Introduction

Osh (Object SHell) is a tool that integrates the processing of structured data, database access, and remote access to a cluster of nodes. These capabilities are made available through a command-line interface (CLI) and a Python application programming interface (API).

Execution Model

Osh processes streams of Python objects using simple commands. Complex data processing is achieved by command sequences in which the output from one command is passed to the input of the next. This is similar to composing Unix commands using pipes. However, Unix commands pass strings from one command to the next, and the commands (grep, awk, sed, etc.) are heavily string-oriented. Osh commands process Python objects, and it is objects that are sent from one command to the next. Objects may be primitive types such as strings and numbers; composite types such as tuples, lists and maps; objects representing files, dates and times; or even user-defined objects.

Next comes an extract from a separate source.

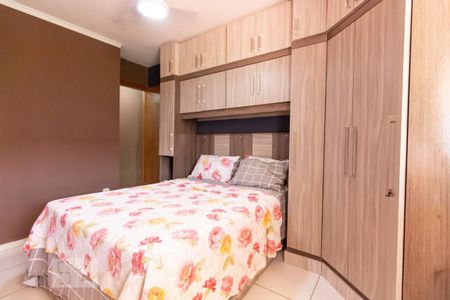 Casa de condomínio para alugar com 75m², 2 quartos e 1 vagaQuarto 1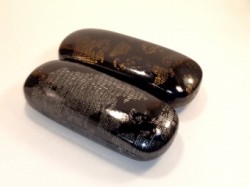 Футляр для очков лак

The first command in an osh command sequence writes a stream of objects but does not have an input stream. Each subsequent command reads a stream of objects and writes a stream of objects. For a given command, the relationship between inputs and outputs is not necessarily one-to-one. For example, the f command reads one object from the stream, applies a function to it, and then generates one object to its output stream. The select command copies objects from the input stream to the output stream if and only if the select's predicate evaluates to true for the input object. expand generates any number of output objects for a single input object.

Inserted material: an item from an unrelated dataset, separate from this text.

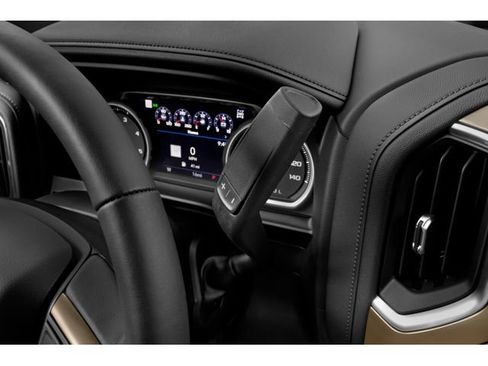 Used 2023 Chevrolet Silverado 2500 LT image 9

Commands, in addition to operating on input and output streams, may have side-effects. For example, out writes to stdout or a file; sql may update a database; and commands with function arguments (e.g. f, select) can operate on variables in the osh command sequence's namespace.

Example

Suppose you have a cluster named fred, consisting of nodes fred1, fred2, fred3. Each node has a database tracking work requests with a table named request. You can find the total number of open requests in each database as follows (using the CLI):
    jao@zack$ osh @fred [ sql "select count(*) from request where state = 'open'" ] ^ out
    ('fred1', 1)
    ('fred2', 0)
    ('fred3', 5)

Now suppose you want to find the total number of open requests across the cluster. You can pipe the (node, request count) tuples into an aggregation command:

    jao@zack$ osh @fred [ sql "select count(*) from request where state = 'open'" ] ^ agg 0 'total, node, count: total + count' $
    6
Note that this example combines remote execution on cluster nodes, database access (on each cluster node), and data processing (the aggregation step) in a single framework.

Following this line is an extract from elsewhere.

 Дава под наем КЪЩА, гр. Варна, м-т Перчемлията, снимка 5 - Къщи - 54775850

The same computation can be done using the API as follows:

    #!/usr/bin/python
    
    from osh.api import *
    
    osh(remote("fred", sql("select count(*) from request where state = 'open'")),
        agg(0, lambda total, node, count: total + count))        

Using Python Functions in Osh

A number of osh commands have function arguments. These functions are applied to objects from the input stream and determine the behavior of the command. Example (using the CLI):
    zack$ osh gen 10 ^ f 'x: x**2' $
    (0,)
    (1,)
    (4,)
    (9,)
    (16,)
    (25,)
    (36,)
    (49,)
    (64,)
    (81,)
gen 10 generates the first ten integers, 0, 1, ..., 9. These integers are passed to the next command, f. The argument to f is a function specification, x: x**2. This is a lambda expression, (the CLI permits the keyword lambda to be omitted). When the f command receives an input, it computes the square and writes the result to the output stream. The squared numbers are then passed to the out command which writes its inputs to stdout.

The streams connecting commands always contain tuples. If a command writes a single object to a stream, (e.g. gen which generates integers), the osh runtime wraps this object into a 1-tuple, (which is why the output from the above command contains 1-tuples, not integers).

Arbitrary-length argument lists work as usual. For example, suppose you have a file containing CSV (comma-separated values) data, in which each row contains 20 items. If you want to add integers in columns 7 and 18 (0-based) then you could invoke f, providing a function with 20 arguments, and add the 7th and 18th items. Or you could use an argument list:

    osh cat data.csv ^ f 's: s.split(",")' ^ f '*row: int(row[7]) + int(row[18])' $
cat data.csv writes the lines of data.csv to the output stream. Each such line contains values separated by commas; f 's: s.split(",")' splits each such line into a tuple of values. The next command, f: '*row: int(row[7]) + int(row[18])', assigns the entire tuple to row instead of assigning each tuple value to one function argument.

Osh Interfaces

Osh has two interfaces:

Command-line interface (CLI): The osh executable interprets command-line arguments as osh syntax. Any shell should be usable, however some osh CLI syntax may require escapes in some shells. (The osh CLI has been tested most extensively using the bash shell.)

Python application programming interface (API): The osh CLI invokes the osh runtime, which invokes Python modules corresponding to each command. The runtime and command modules can also be invoked from a Python API.